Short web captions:
=-=-=-=-=

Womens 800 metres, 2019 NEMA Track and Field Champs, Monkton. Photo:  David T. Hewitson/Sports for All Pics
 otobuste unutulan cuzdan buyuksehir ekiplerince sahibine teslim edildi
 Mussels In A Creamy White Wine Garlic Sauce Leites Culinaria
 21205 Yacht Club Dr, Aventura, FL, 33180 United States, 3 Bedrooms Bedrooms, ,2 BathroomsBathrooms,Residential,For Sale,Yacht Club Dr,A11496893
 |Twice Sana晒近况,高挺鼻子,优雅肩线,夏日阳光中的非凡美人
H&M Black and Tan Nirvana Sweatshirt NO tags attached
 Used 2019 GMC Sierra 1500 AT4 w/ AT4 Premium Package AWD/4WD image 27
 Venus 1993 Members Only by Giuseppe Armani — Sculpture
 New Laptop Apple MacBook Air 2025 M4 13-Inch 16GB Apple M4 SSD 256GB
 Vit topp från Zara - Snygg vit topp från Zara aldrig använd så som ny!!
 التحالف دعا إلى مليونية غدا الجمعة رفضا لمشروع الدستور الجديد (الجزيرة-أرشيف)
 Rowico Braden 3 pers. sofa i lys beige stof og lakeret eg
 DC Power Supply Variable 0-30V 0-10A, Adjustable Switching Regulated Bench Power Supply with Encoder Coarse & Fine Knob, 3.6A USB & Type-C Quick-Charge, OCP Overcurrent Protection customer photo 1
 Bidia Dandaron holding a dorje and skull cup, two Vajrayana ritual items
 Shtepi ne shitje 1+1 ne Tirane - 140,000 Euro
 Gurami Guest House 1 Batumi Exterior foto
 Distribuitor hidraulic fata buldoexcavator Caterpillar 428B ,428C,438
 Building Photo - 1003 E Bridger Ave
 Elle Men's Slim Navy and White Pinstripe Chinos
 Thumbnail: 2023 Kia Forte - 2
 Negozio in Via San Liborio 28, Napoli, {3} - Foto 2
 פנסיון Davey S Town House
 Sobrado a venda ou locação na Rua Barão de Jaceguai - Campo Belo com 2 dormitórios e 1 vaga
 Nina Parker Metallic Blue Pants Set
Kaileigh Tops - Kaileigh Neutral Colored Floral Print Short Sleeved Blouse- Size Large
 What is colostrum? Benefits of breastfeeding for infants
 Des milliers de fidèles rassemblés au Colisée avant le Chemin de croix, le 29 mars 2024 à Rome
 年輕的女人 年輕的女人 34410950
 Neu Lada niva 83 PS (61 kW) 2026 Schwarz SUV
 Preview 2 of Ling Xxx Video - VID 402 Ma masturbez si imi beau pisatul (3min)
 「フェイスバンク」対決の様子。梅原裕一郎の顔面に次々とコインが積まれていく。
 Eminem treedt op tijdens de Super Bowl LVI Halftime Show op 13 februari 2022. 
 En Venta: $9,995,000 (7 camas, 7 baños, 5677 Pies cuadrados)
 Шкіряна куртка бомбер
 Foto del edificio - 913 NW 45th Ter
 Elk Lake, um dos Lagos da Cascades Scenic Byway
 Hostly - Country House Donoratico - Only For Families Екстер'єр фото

=-=-=-=-=

> [Work request] From the entries above, copy each line that holds "Only".

> [Response for this exercise]
 Venus 1993 Members Only by Giuseppe Armani — Sculpture
 Hostly - Country House Donoratico - Only For Families Екстер'єр фото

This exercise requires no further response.